== Exercise description ==
Leaving out all pictures, transcribe exactly the lines between the line with "Straight-leg pants, sporty" and the last line of the records below, both included.

[Input material — start]

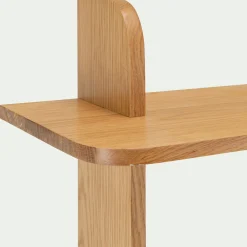Étagère Murale*alinea Étagère murale asymétrique en chêne L138cm - Bois clair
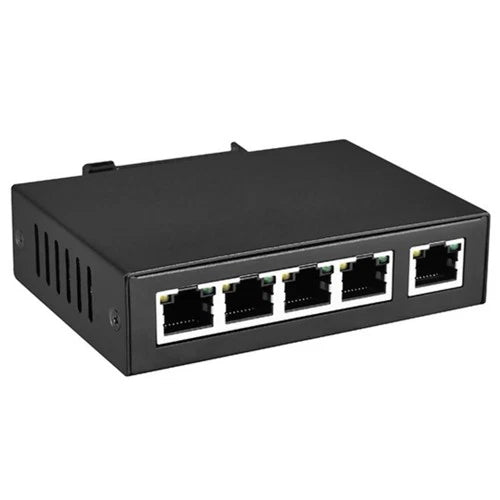 Switch Accessories / 100Mbps 5 Port Metal POE Extender Network Switch Repeater Accessories Part POE-SW-5P-100M-MT-01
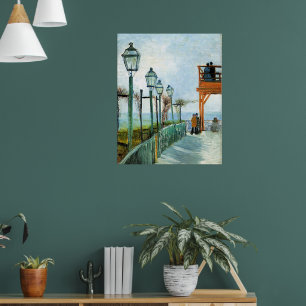 Poster Vincent van Gogh, Belvédère Surplombant Montmarte,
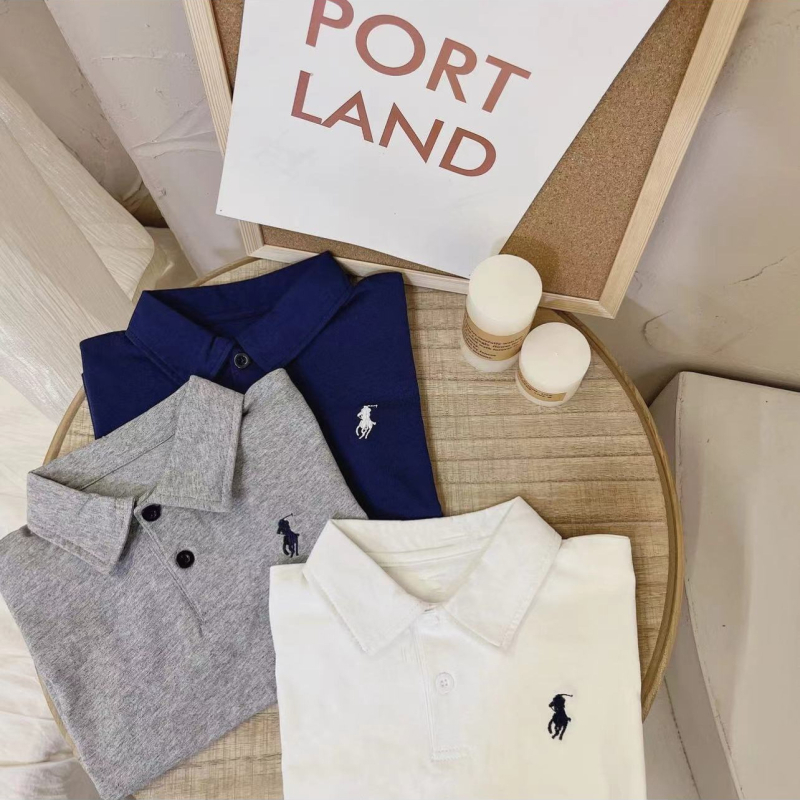 Dječja polo majica u korejskom stilu, pamuk, vezenje, unisex, za djecu 3–8 godina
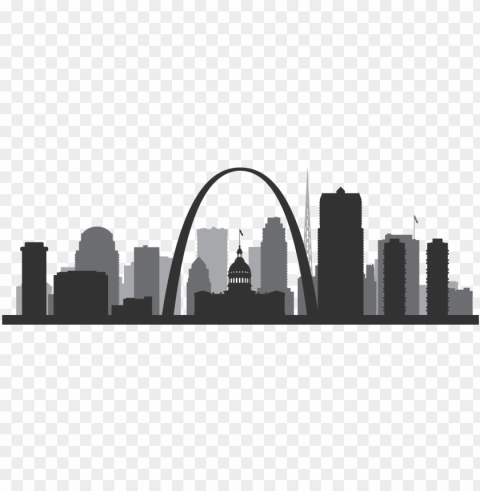 archwaycoatings footerimage-1 - st louis skyline silhouette PNG images with alpha transparency wide collection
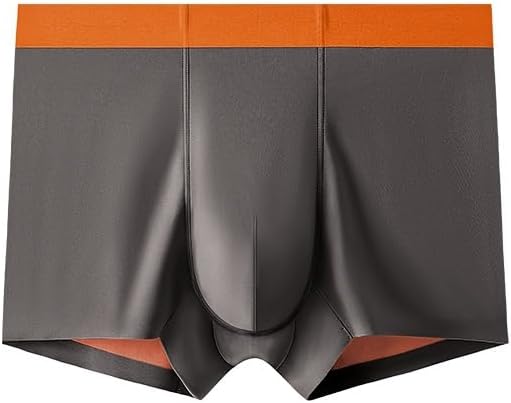 Straight-leg pants, sporty style Mid Waist Men's Underwear Seamless Modal Boxer and the all-day comfort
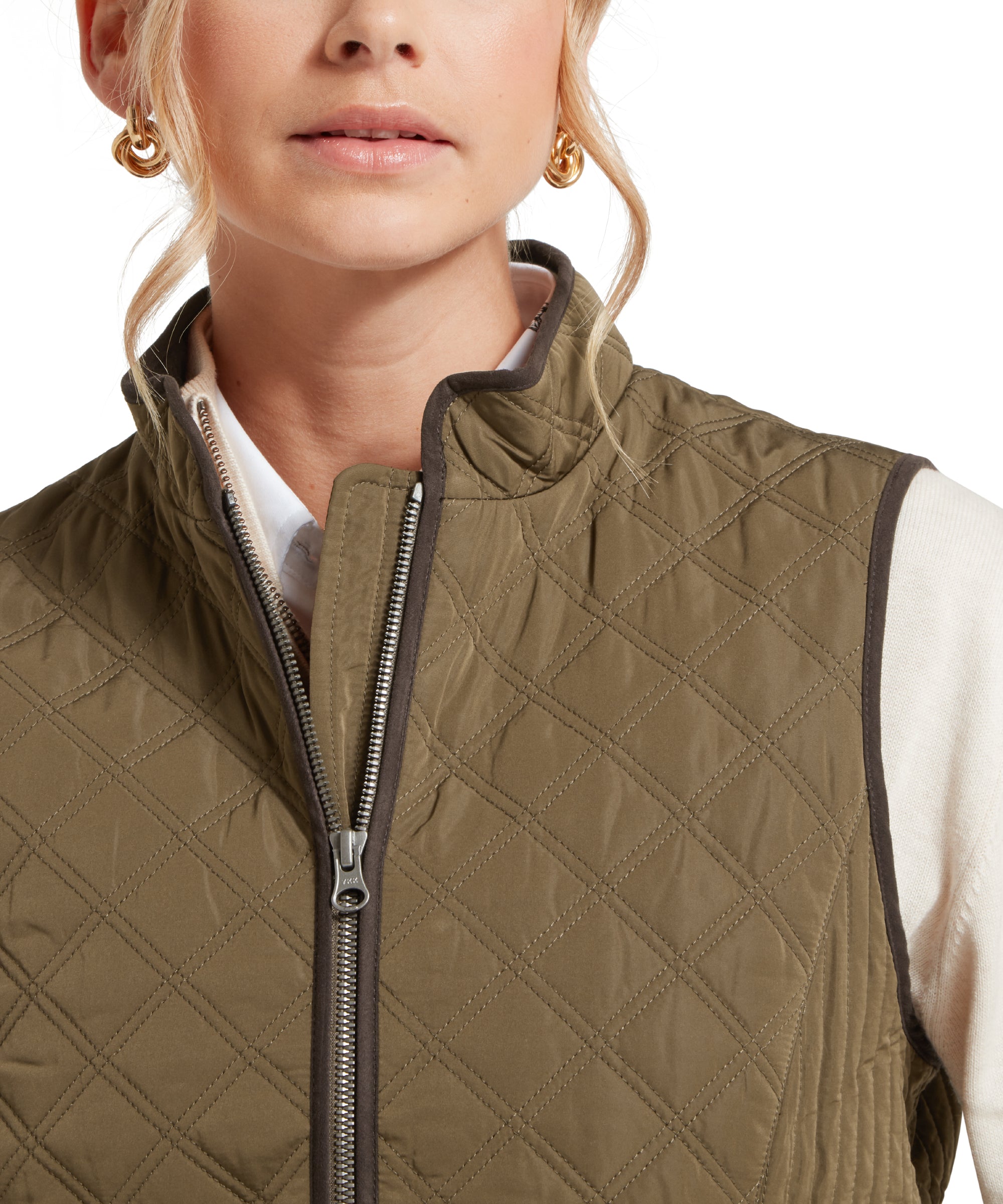 Women's Quilt Gilet - Olive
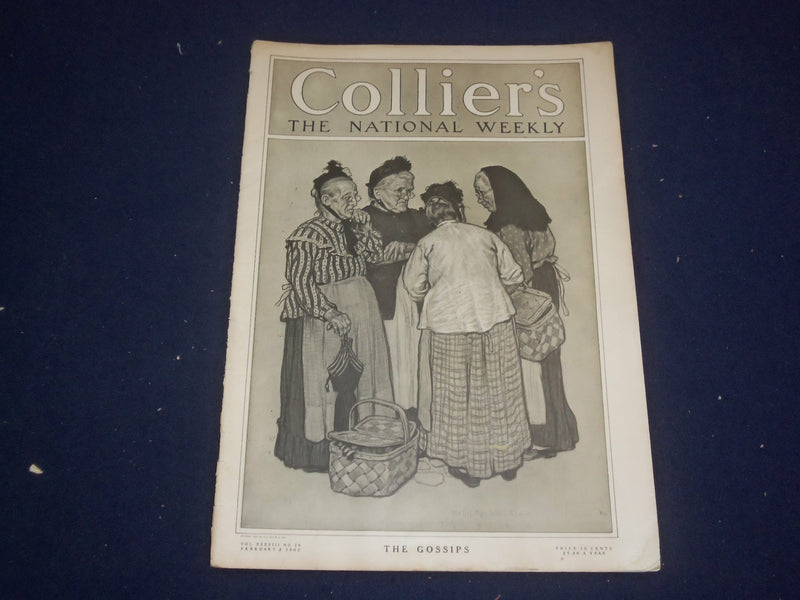 1907 FEBRUARY 2 COLLIER'S MAGAZINE - THE GOSSIPS - ST 6691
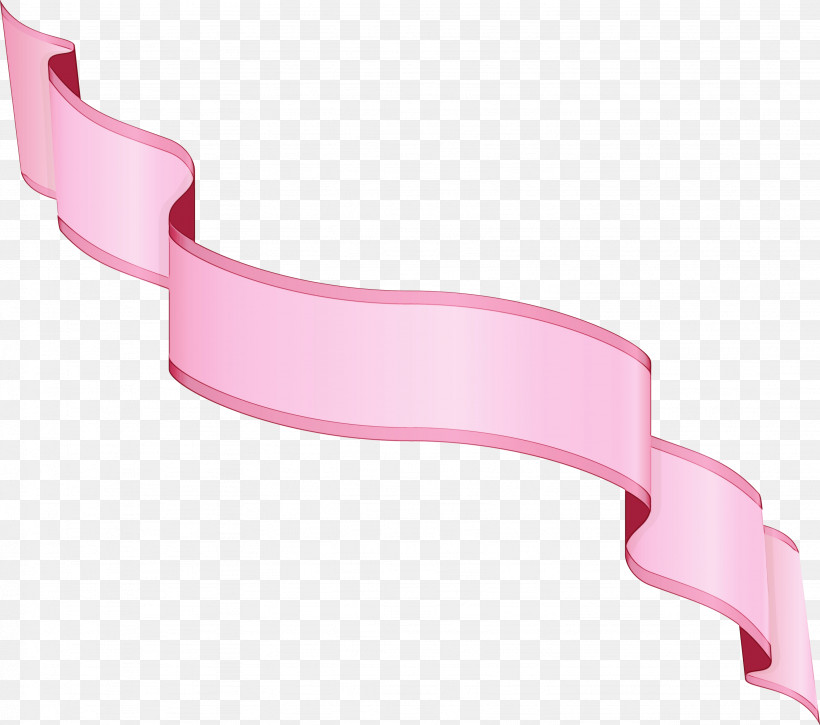 Pink Material Property, PNG, 3077x2722px, Ribbon, Material Property, Paint, Pink, S Ribbon Download Free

[Input material — finish]

== Final answer ==
 Straight-leg pants, sporty style Mid Waist Men's Underwear Seamless Modal Boxer and the all-day comfort
 Women's Quilt Gilet - Olive
 1907 FEBRUARY 2 COLLIER'S MAGAZINE - THE GOSSIPS - ST 6691
 Pink Material Property, PNG, 3077x2722px, Ribbon, Material Property, Paint, Pink, S Ribbon Download Free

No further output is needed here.